Michel Foucault’nun Kendini Biçimlendirme Tekniği Olarak Doğruyu Söyleme

Author :  

Year-Number: 2024-41
Yayımlanma Tarihi: 2024-12-06 15:52:34.0
Language : Türkçe
Konu : Sosyoloji
Number of pages: 31-54
Mendeley EndNote Alıntı Yap

Abstract

Michel Foucault, tarihsel analizlerinde etiği, bireyin kendiyle kurduğu ilişki olarak görmektedir. Ona göre bireyin diğerlerine yönelik eylemi de bu içe dönük, samimi ve dürüst ilişki tarafından belirlenmektedir. Foucault’nun önemli kavramlarından biri olan "doğruyu söyleme" veya Antik Yunandaki kullanımıyla "parrhesia", kişinin kendini biçimlendirme sürecinde merkezi bir rol oynar. O analizlerinde, parrhesia'nın güç ilişkileri içinde nasıl işlediğini ve bireyin kendini ifade ederek ve hakikati arayarak nasıl özgürleşebileceğini tartışmaktadır. Foucault, parrhesia’yı Antik Yunan'dan modern dünyaya kadar uzanan bir cesur konuşma pratiğini olarak tarihsel ve sosyo-politik bağlamda ele almaktadır. O böylece bireyin kendini nasıl özgürleştirebileceğini ve bu özgürlüğün etik tutum ile olan ilişkisini tartışmıştır. Bu makale, parrhesia'yı Foucault’nun çalışmaları merkezinde ve onun perspektifinden ele alarak, doğruyu söylemenin bir kendini biçimlendirme tekniği olarak nasıl işlediğini ve modern dünyada doğruyu söyleme biçimlerinin neler olabileceğini tartışmaktadır. Makalede bir doküman analizi yapılarak doğruyu söyleme eyleminin gelişim ve değişimi ele alınmakta ve günümüzde bu tutum biçiminin örneklerinin neler olabileceği tartışılmaktadır. Çalışmanın sonunda doğruyu söyleme eyleminin, günümüzde sanat ve edebiyata ilişkin yeni yöntemlerinin olabileceği değerlendirilmiştir.
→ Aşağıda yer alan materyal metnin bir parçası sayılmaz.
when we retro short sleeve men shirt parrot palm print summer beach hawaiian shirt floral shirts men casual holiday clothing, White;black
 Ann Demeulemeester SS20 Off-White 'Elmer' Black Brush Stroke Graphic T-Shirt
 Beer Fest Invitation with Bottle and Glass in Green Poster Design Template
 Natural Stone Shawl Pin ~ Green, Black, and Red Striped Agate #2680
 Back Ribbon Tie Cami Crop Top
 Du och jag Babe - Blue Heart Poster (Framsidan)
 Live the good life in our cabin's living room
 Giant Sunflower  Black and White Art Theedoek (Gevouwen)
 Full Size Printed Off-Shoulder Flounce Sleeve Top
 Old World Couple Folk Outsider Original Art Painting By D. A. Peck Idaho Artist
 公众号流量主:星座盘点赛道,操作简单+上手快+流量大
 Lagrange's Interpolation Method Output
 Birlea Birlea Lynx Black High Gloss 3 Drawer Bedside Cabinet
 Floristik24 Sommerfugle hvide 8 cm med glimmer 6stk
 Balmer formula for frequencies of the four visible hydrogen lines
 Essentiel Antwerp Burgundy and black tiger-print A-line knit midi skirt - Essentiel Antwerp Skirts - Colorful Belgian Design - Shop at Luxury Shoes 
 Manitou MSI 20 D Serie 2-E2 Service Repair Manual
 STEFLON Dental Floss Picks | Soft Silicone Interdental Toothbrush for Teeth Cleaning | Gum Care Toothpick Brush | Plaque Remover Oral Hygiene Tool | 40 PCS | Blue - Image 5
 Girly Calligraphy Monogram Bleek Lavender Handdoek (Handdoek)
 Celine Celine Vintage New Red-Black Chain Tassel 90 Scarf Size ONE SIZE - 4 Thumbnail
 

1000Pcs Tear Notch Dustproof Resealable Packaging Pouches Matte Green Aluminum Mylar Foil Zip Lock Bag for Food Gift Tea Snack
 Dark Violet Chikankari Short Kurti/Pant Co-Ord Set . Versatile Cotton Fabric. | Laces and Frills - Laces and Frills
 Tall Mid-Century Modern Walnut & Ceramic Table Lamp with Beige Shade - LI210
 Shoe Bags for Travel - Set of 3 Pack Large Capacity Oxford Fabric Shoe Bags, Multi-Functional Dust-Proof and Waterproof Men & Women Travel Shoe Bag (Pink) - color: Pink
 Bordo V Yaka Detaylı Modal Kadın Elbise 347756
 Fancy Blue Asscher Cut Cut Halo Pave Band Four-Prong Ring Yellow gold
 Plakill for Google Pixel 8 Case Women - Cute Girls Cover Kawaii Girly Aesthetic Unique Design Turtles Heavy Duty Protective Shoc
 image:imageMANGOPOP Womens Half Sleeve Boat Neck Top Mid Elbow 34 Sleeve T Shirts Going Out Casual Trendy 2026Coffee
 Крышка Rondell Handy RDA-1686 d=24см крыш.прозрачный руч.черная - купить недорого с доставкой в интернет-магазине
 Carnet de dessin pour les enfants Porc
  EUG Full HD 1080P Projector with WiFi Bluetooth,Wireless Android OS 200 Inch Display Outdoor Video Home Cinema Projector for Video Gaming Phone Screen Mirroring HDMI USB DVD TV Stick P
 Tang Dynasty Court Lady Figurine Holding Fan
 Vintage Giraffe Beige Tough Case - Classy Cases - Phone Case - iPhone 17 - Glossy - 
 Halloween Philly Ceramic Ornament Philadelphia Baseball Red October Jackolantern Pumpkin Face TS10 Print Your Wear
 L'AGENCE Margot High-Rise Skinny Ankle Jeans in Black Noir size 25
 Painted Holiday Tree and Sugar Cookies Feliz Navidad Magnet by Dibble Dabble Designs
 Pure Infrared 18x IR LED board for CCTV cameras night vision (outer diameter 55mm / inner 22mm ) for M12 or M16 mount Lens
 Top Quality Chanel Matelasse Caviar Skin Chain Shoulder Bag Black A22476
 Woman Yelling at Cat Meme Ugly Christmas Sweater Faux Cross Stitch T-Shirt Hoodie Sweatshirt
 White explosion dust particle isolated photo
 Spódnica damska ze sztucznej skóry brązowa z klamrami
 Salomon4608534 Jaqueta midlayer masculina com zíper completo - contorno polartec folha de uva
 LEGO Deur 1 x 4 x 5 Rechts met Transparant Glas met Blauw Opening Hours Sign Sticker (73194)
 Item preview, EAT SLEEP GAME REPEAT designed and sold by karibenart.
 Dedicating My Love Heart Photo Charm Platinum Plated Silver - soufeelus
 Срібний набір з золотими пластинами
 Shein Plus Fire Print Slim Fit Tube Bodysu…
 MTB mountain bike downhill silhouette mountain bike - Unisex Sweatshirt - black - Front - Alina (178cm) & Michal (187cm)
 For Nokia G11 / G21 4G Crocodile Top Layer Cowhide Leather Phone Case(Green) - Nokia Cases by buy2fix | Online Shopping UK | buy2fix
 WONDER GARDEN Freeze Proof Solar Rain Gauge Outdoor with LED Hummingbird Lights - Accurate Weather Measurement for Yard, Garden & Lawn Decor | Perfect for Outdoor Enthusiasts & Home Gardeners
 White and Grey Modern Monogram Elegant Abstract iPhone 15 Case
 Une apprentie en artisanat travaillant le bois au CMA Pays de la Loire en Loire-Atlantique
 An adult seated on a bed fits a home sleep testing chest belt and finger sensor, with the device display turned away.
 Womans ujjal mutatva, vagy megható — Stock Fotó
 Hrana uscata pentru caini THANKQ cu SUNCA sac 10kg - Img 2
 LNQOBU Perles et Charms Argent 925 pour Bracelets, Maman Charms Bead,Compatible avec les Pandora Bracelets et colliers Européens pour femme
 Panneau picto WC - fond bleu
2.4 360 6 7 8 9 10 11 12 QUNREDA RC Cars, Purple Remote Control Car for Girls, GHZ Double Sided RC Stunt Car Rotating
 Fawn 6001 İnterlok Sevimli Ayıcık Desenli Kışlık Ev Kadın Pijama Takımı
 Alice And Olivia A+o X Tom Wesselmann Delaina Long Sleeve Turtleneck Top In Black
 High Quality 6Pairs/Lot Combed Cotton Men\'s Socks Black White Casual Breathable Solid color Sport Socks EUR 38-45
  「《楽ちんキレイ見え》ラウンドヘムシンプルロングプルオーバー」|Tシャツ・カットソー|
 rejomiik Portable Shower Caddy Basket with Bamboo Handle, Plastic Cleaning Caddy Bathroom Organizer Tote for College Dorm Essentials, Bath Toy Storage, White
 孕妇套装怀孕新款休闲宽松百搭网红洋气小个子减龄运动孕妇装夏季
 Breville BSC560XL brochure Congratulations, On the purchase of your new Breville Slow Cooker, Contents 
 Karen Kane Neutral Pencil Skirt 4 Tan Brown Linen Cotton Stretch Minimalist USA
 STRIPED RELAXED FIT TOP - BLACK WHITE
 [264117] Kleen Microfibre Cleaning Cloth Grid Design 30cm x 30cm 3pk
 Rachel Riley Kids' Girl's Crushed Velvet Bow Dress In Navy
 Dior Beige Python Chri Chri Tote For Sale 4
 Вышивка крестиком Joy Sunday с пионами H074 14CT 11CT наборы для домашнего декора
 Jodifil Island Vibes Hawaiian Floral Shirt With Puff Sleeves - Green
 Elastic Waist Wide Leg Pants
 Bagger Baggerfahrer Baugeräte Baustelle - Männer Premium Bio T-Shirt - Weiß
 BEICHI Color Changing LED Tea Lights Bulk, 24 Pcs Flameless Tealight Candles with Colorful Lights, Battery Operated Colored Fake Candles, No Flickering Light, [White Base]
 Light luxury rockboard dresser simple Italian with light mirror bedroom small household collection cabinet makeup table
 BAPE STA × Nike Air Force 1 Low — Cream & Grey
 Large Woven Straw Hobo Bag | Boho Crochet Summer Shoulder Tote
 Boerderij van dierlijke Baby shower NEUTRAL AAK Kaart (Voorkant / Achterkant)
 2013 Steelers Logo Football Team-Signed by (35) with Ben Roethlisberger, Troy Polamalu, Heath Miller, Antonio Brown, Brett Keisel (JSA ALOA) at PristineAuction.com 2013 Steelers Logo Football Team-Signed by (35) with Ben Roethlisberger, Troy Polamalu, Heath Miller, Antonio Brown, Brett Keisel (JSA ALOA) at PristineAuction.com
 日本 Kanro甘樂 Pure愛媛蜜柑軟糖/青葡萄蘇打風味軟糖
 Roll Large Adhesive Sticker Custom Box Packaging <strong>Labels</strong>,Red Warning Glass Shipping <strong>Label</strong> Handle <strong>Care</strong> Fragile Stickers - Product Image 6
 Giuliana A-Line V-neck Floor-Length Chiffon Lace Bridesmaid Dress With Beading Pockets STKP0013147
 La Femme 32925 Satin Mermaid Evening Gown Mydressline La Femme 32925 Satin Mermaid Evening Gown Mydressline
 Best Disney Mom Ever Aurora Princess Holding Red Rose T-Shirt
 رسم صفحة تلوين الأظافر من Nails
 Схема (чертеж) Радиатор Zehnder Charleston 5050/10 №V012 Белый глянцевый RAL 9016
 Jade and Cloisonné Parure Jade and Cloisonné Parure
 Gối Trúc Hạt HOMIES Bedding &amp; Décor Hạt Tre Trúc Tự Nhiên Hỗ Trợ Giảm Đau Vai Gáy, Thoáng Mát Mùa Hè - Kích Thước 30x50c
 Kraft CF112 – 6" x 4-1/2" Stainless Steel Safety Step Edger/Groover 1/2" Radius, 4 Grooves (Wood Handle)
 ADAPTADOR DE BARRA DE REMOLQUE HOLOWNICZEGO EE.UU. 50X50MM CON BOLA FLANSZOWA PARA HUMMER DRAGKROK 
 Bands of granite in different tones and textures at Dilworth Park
Ayrıca “parrhesia” tavrının bireyin kimliği, özgürlüğü ve etik tutumu üzerinde önemli bir etkiye sahip olduğu ve tarihsel süreçte değişim geçirdiği değerlendirilmiştir.

Keywords

Abstract

Michel Foucault, in his historical analyses, sees ethics as the relationship that the individual establishes with himself. According to him, the individual's actions towards others are determined by this introverted, sincere and honest relationship. One of Foucault's important concepts, ‘telling the truth’, or ‘parrhesia’ as it was used in Ancient Greece, plays a central role in the process of self-formation. In his analyses, he discusses how parrhesia operates within power relations and how the individual can be liberated through self-expression and the search for truth. Foucault considers parrhesiain a historical and socio-political context as a practice of courageous speech from Ancient Greece to the modern world. He thus discusses how the individual can liberate himself and how this liberation relates to ethical behaviour. This article discusses parrhesia in the centre of Foucault's work and from his perspective, discussing how truth-telling functions as a technique of self-fashioning and what forms of truth-telling can be in the modern world. The article discusses the development and change of the act of truth-telling through a document analysis and discusses what examples of this form of behaviour can be found today. At the end of the study, it is evaluated that the act of telling the truth may have new methods related to art and literature today. It is also evaluated that the attitude of ‘parrhesia’ has an important impact on the identity, freedom and ethical attitude of the individual and that it has changed in the historical process.